Anybody who reads this blog knows that I am intrigued by the history of technology and I look back periodically at past events when they seem to be relevant to something happening today. This past week I saw an article that mentioned that April was the fifteenth anniversary of the lawsuit between Metallica and Napster. In retrospect, that was a very important ruling that has had implications in a lot of what we allow or don’t allow on the web today.
So let me look back at a few of the facts of that case and then discuss why this was so important. The first thing that surprised me about this is that this was only fifteen years ago. I remember the case vividly, but in my memory it was older than that and was back at the beginning of the Internet (and in many ways it does).
The case was very straightforward. If you recall, Napster was the first major peer-to-peer file-sharing service. It was very simple in operations and it allowed you to see MP3 files on other Napster users’ computers as long as you agreed to make your own files available. Napster users were then free to download any file they found in the Napster system. You could do simple searches by either song name or artist to navigate the system.
Of course, Napster put the whole music industry into a tizzy because people were using it to download millions of music files free every day. This was illegal for anybody who downloaded songs since they were violating copyrights and getting music without paying the musicians or the record companies.
The industry railed loudly against Napster, but I’m not sure they knew entirely what to do about them. While users of Napster were breaking the law, it was not quite so clear that Napster was doing anything wrong, and the industry feared a court case that might give a legal go-ahead to Napster. The industry was looking at legislative fixes to the problem.
But then along came Metallica. The band got incensed when their song ‘I Disappear’ from the Mission Impossible II soundtrack appeared on Napster before it was even officially released. The band decided to sue Napster to stop the practice and in the process became the spokespeople for the whole industry. The Recording Industry Association of America (RIAA) and Metallica offered settlement alternatives to Napster, such as scrubbing their system of all copyrighted material, but this was impossible at that time (and probably still is). In the process of trying to negotiate a settlement, Napster went bankrupt paying to defend itself.
But this lawsuit sparked an ongoing and major debate about ownership rights of content versus the rights of Internet companies to make content available. While it became clear that blatant file-sharing like what Napster did is illegal, there are plenty of more nuanced fights today in the ongoing battle between artists and internet companies.
The fight moved on from Napster to Apple’s battle against Digital Rights Management (DRM), the practice of tying music recordings to a music player.
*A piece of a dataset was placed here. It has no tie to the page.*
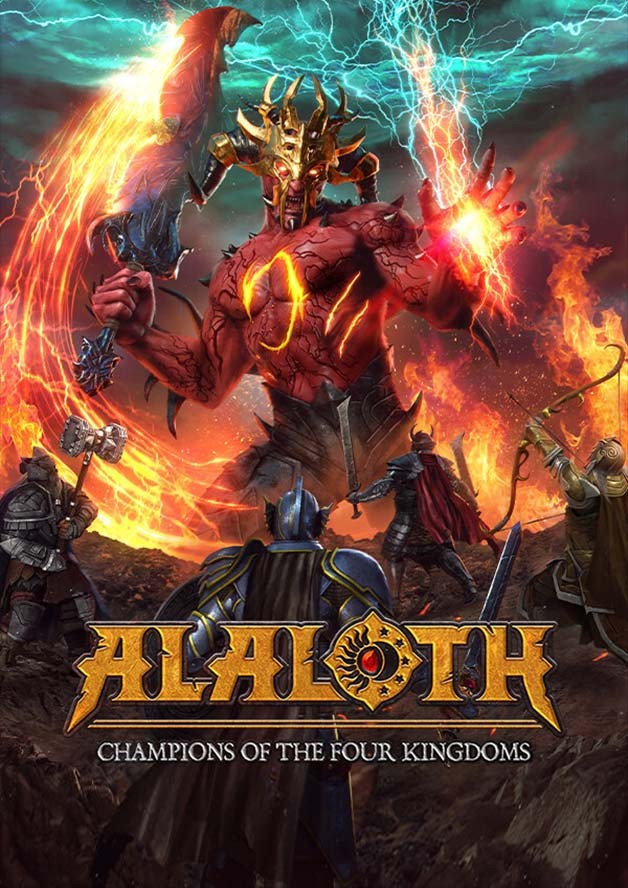 Alaloth - Champions of The Four Kingdoms cover art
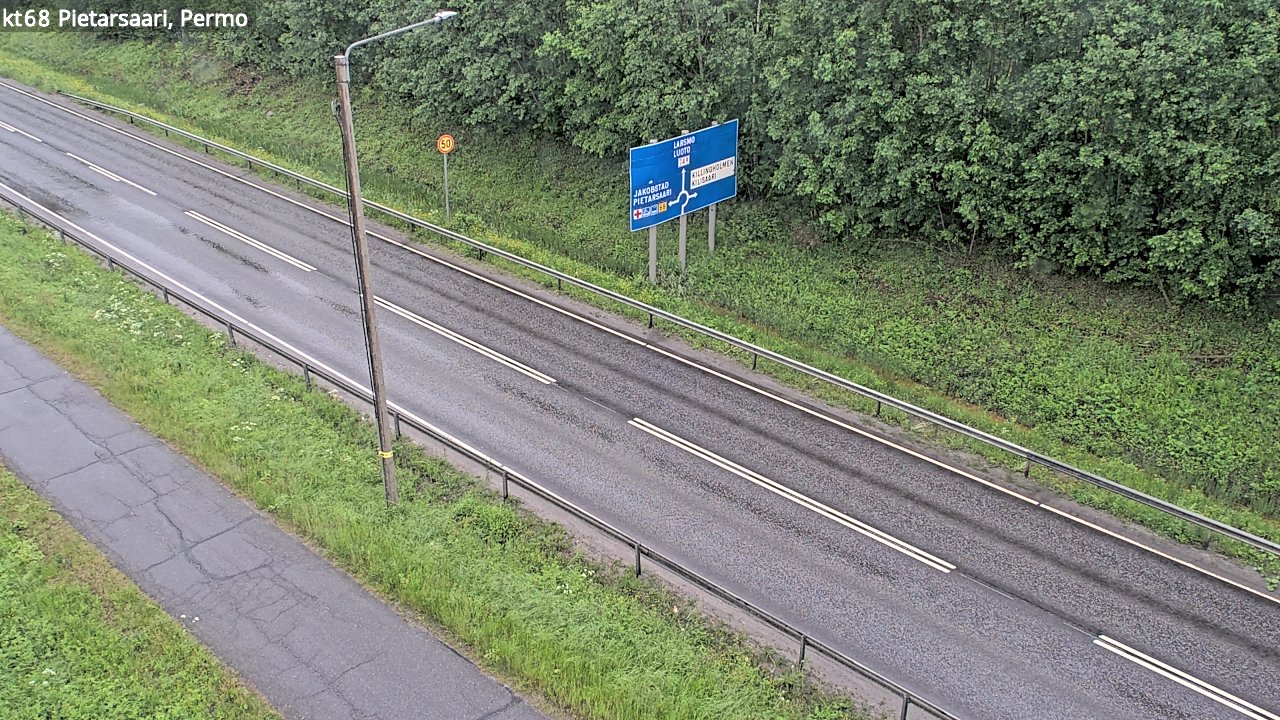 Kelikamerat Kuva Tie 68 Pietarsaari, Permo, Pietarsaari, Pohjanmaa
From there the fight migrated to Congress with attempts to pass the Stop Online Piracy Act (SOPA) and the Protect IP Act (PIPA) that were pushed by the music and movie industries to give them a leg up over internet companies.
You still see this same fight today when artists like Taylor Swift are fighting with Spotify to be justly paid for their content. You see this same battle between authors and Amazon for not properly rewarding them for their works. There is also a never ending battle between video content providers and sites like YouTube that allow people to easily upload copyrighted material.
It’s likely that the battle is going to be ongoing. Some visionaries foresee a day when micropayments are widely accepted and users can easily buy content directly from artists. But that is never going to be a perfect solution because people love the convenience of services like Spotify or Beats that put the content they like in an easy-to-use format. And as we saw with Napster, millions of people will grab copyrighted content for free if they are allowed to.